● **THE TASK**:
Word for word, copy the lines from the one with "wooden cog tiles: 7.5cm" to the last line of the data below, counting both, and keep every picture out.

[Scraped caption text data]
Start of Block

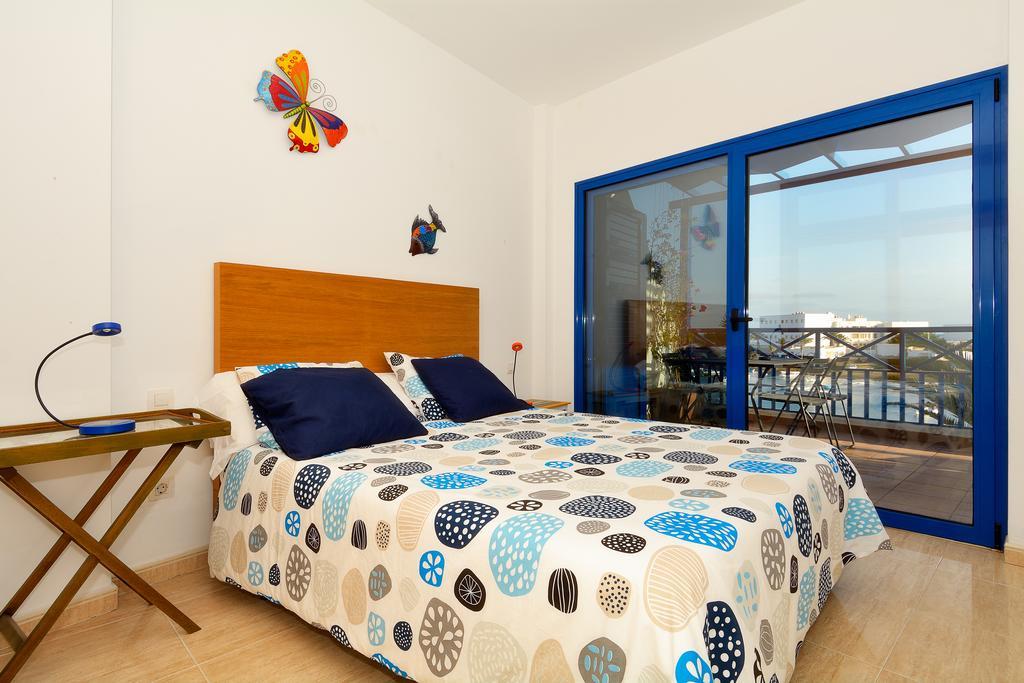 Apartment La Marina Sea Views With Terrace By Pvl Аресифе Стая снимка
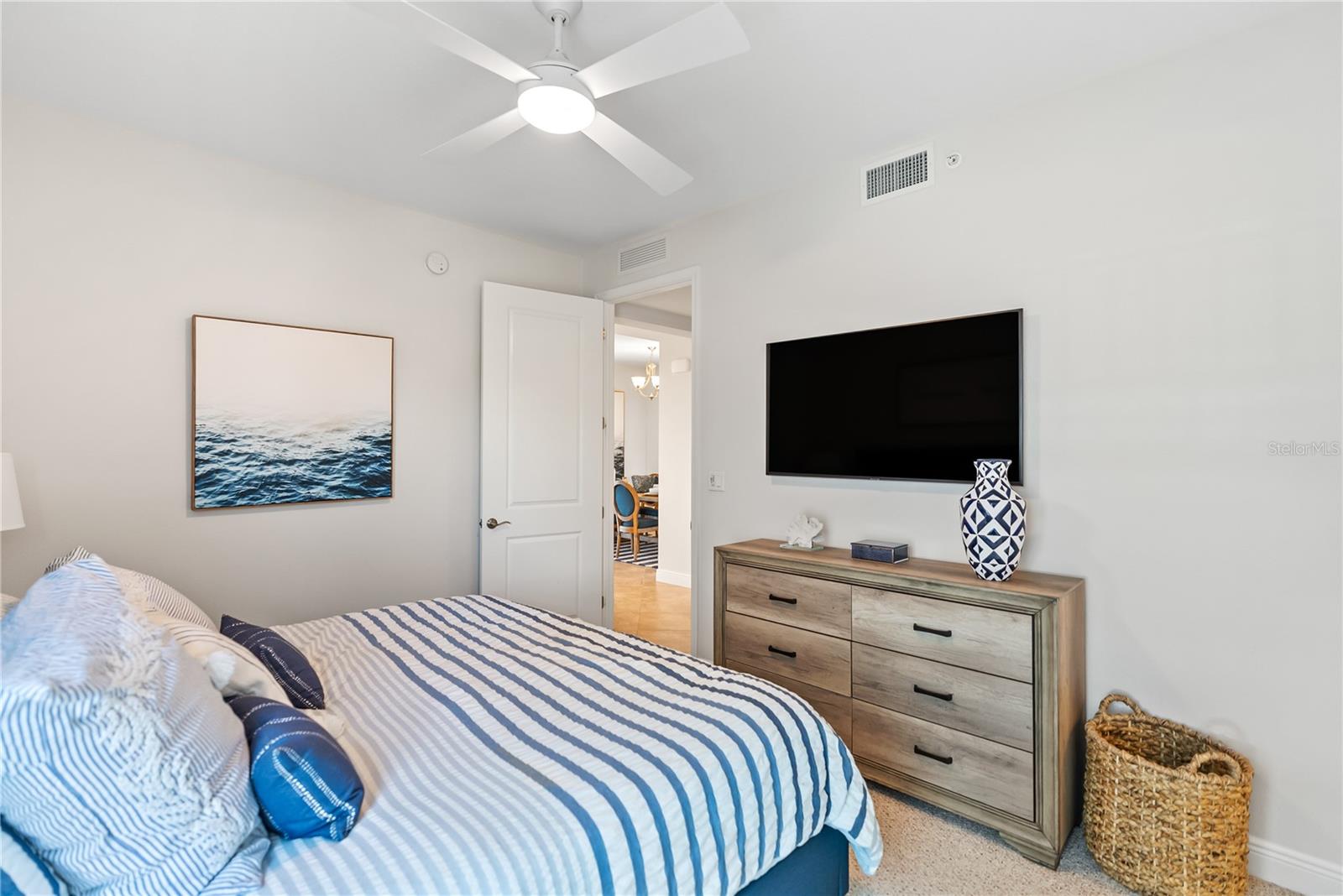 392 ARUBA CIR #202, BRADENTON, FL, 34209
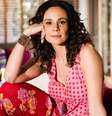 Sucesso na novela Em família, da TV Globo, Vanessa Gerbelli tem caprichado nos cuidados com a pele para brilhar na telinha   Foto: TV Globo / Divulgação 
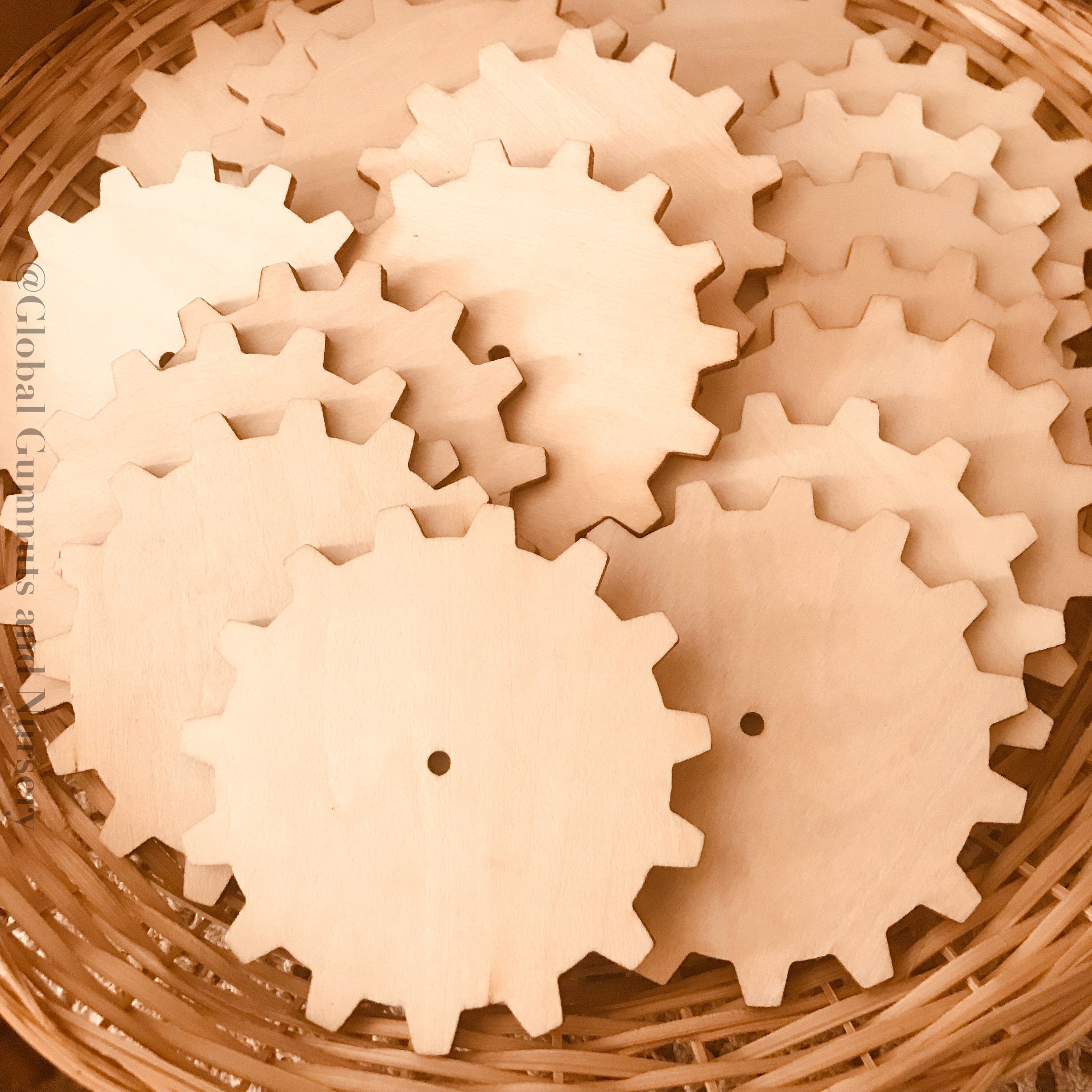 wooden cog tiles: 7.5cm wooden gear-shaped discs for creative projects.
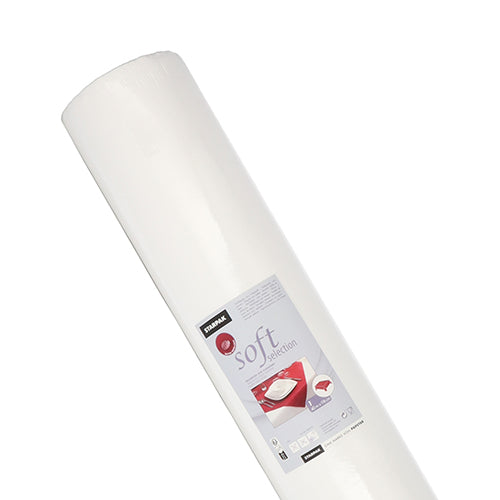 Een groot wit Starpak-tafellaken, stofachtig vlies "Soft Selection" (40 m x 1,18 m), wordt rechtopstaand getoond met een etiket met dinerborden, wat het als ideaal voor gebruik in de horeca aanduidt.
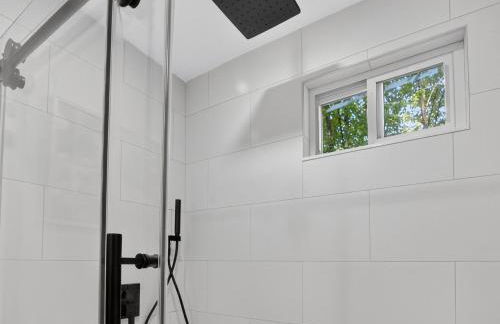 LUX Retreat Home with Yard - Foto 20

End of Block

● **OUTPUT**:
 wooden cog tiles: 7.5cm wooden gear-shaped discs for creative projects.
 Een groot wit Starpak-tafellaken, stofachtig vlies "Soft Selection" (40 m x 1,18 m), wordt rechtopstaand getoond met een etiket met dinerborden, wat het als ideaal voor gebruik in de horeca aanduidt.
 LUX Retreat Home with Yard - Foto 20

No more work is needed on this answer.